Force est de constater ces propos devant ce texte loufoque
et fantastique. Avec ce recueil de nouvelles, le lecteur est
entraîné dans un univers de songes et de désespoir,
qui laisse un arrière-goût prononcé d’humour
noir. Dans Le fauve une jeune femme tombe sous le
charme d’un tigre qui «jaillit d’une
armoire» et s’abandonne à l’attrait
de l’animal car «jamais plus elle ne rencontrera
un tel amour». Le cadeau est une mise
en scène de polar dans laquelle deux amies s’échangent
un jeu de fléchettes, celle qui le gagne le donne à
l’autre sous le prétexte suivant : «mon
ami et moi, on se dispute tellement qu’on finira par
se crever les yeux avec ça»… l’effroyable
machine de la peur nous aspire, dans une spirale infernale.
Dans Le bébé et l’eau du bain,
une maman prend un bain avec son bébé, quand
l’enfant glisse soudainement dans l’eau.
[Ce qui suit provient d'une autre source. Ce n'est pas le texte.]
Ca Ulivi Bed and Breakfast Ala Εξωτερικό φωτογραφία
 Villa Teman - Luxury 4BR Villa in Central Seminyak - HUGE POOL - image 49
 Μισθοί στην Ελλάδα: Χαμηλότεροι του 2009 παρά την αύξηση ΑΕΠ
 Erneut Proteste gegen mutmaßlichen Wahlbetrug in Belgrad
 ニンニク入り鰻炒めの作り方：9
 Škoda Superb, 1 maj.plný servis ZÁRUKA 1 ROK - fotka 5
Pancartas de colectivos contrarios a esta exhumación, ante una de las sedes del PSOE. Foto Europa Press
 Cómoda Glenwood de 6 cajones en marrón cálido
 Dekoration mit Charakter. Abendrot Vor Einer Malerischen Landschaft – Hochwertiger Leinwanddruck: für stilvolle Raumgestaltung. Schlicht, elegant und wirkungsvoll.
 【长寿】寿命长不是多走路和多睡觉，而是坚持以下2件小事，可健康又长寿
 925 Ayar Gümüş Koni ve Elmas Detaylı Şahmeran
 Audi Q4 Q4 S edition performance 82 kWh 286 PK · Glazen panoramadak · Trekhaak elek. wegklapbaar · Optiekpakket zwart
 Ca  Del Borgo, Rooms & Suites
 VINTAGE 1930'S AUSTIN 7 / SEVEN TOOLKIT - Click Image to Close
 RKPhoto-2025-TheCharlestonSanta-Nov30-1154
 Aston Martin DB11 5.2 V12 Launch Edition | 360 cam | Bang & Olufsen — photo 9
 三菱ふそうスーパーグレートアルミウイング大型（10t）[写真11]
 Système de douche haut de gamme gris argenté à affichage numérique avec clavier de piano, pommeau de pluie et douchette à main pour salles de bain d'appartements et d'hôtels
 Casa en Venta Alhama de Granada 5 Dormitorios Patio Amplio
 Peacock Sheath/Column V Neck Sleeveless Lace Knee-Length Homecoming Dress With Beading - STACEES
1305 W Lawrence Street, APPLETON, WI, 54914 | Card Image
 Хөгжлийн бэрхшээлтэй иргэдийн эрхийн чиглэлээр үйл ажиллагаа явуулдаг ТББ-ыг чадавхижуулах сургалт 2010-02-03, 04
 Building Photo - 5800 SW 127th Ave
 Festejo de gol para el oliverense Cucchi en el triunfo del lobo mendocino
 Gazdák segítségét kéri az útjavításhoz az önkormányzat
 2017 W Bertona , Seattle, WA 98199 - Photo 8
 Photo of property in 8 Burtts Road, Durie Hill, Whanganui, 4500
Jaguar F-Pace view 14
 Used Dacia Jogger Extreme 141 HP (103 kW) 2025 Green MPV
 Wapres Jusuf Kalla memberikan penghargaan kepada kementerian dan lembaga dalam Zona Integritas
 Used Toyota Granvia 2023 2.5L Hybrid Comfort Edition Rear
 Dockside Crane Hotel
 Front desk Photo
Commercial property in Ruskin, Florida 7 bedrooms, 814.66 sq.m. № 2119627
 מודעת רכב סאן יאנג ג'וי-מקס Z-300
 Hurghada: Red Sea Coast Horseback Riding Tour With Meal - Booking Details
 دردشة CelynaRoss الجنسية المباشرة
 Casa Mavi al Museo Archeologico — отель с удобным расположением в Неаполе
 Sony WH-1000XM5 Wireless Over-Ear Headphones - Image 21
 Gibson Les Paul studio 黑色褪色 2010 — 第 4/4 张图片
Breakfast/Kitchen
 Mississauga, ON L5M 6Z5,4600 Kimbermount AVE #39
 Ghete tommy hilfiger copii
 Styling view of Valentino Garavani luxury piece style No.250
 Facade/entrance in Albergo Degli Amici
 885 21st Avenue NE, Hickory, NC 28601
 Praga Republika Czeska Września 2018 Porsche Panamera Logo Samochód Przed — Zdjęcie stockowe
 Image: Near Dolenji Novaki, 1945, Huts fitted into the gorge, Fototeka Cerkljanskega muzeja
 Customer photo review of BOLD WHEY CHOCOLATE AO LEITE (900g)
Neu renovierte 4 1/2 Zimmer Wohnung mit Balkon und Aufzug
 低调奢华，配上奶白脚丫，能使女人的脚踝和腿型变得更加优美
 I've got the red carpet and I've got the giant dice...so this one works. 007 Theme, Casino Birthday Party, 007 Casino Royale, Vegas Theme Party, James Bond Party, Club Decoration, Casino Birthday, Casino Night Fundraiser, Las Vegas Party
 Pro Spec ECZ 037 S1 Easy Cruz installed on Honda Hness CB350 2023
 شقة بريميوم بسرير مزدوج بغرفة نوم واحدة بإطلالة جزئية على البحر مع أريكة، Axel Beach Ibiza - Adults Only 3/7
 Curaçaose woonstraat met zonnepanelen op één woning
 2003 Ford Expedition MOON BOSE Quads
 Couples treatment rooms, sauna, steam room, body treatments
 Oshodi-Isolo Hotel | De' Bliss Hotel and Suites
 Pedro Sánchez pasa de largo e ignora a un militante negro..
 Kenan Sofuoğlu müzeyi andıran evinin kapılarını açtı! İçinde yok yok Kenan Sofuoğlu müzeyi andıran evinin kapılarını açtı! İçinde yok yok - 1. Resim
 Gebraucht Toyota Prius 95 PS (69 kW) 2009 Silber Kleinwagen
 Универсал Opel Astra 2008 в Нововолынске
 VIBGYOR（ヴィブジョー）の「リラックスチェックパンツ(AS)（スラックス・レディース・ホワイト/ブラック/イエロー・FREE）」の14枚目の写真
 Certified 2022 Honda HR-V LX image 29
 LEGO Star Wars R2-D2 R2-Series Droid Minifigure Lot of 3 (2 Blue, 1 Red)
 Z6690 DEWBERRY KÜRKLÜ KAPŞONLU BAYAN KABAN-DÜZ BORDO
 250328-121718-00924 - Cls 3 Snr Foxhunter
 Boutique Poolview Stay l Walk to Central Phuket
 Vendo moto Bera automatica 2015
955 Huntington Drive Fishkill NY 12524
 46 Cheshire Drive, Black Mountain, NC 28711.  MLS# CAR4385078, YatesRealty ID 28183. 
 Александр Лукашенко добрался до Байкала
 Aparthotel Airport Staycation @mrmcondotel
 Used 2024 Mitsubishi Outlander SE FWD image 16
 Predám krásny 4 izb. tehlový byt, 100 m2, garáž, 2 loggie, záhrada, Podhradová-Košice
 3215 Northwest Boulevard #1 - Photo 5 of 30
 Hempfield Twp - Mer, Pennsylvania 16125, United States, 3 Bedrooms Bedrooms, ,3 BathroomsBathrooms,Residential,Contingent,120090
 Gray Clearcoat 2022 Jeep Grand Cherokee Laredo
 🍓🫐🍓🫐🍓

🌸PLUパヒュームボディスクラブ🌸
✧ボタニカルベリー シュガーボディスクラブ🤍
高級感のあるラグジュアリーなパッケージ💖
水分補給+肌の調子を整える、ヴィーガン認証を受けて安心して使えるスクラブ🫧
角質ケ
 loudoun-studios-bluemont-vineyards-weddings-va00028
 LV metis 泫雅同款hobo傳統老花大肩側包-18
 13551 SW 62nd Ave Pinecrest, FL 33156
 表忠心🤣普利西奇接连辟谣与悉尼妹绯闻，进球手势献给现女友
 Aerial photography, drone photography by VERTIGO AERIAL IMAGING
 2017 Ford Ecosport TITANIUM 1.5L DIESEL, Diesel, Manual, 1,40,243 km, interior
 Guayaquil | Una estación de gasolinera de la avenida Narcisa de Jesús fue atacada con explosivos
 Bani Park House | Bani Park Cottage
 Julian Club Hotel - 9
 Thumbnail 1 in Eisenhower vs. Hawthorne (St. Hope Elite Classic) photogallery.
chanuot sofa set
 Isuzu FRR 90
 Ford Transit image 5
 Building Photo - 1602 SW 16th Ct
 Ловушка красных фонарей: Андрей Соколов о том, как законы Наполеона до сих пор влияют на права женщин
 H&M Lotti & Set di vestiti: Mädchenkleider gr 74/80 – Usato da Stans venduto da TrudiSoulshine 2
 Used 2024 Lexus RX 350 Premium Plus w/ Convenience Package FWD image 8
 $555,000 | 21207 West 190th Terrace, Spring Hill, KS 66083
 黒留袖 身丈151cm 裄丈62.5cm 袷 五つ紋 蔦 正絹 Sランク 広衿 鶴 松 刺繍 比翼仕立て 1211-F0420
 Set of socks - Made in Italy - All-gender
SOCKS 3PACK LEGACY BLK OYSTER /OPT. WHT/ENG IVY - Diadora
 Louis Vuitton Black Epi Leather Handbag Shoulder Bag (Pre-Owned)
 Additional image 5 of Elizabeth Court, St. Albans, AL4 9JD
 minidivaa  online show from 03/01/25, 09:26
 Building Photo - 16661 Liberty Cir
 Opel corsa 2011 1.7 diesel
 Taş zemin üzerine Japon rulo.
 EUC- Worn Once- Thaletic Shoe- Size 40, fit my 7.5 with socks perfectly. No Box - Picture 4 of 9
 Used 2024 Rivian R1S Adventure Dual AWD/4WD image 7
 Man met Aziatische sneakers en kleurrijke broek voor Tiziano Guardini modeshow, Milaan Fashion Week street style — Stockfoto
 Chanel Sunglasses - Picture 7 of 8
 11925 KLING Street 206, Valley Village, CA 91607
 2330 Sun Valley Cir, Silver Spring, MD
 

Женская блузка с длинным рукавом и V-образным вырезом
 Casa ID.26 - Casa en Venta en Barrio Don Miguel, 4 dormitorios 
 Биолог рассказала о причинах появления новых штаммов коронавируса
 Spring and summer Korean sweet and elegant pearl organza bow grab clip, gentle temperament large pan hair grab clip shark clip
Elle
le retient mais ce dernier lui lance alors un regard «
interrogateur, surpris, désemparé»
et «Elle» de se demander : «A
t-elle voulu le laisser glisser ?». Quand elle
revient à la réalité et «voit
à nouveau ce qui l’entoure, l’enfant a
disparu…Le trou d’évacuation est béant…».
Les dessins de Loustal, également auteur de BD, sont
expressifs car figés dans une attente. L’action
semble suspendue, les personnages, esquissés de gros
traits noirs, sont des victimes impassibles. Un ouvrage à
déguster pour le plaisir de l’évasion.